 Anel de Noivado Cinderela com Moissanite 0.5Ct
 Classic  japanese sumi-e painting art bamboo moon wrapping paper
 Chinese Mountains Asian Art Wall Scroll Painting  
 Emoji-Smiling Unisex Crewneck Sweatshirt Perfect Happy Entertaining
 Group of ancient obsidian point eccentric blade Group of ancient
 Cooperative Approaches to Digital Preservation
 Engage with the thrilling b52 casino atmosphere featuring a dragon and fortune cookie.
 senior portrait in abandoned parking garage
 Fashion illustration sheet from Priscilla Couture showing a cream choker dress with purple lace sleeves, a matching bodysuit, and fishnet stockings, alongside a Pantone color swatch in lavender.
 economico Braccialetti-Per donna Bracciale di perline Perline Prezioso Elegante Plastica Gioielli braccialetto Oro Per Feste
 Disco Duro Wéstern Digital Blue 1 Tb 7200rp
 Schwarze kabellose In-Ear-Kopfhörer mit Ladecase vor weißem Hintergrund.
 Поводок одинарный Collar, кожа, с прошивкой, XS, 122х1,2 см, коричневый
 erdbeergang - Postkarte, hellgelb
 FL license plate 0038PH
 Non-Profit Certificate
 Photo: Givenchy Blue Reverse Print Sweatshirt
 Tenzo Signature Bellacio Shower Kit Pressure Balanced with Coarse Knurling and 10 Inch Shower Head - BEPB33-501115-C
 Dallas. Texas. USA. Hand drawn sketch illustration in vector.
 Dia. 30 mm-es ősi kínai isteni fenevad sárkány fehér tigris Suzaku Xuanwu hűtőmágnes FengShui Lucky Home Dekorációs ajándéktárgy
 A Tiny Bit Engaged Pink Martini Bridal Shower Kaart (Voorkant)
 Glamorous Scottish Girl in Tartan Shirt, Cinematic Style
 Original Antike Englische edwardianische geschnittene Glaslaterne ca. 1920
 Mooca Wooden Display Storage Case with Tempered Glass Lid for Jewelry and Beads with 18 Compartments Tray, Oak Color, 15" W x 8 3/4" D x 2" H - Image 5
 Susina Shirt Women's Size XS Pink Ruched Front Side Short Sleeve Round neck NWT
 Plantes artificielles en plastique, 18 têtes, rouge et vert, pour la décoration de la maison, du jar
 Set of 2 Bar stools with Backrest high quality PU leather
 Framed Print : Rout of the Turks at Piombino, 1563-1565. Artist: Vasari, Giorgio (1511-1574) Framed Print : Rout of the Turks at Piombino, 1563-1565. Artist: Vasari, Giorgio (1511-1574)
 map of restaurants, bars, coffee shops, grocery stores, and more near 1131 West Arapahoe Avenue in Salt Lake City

▶ **WORK REQUIRED**
Within the data above, the span starting at the line containing "Engage with the" and ending at the line containing "Disco Duro Wéstern Digital Blue 1 Tb 7200rp" is to be retyped exactly, with no other lines.

▶ **TASK SOLUTION**
 Engage with the thrilling b52 casino atmosphere featuring a dragon and fortune cookie.
 senior portrait in abandoned parking garage
 Fashion illustration sheet from Priscilla Couture showing a cream choker dress with purple lace sleeves, a matching bodysuit, and fishnet stockings, alongside a Pantone color swatch in lavender.
 economico Braccialetti-Per donna Bracciale di perline Perline Prezioso Elegante Plastica Gioielli braccialetto Oro Per Feste
 Disco Duro Wéstern Digital Blue 1 Tb 7200rp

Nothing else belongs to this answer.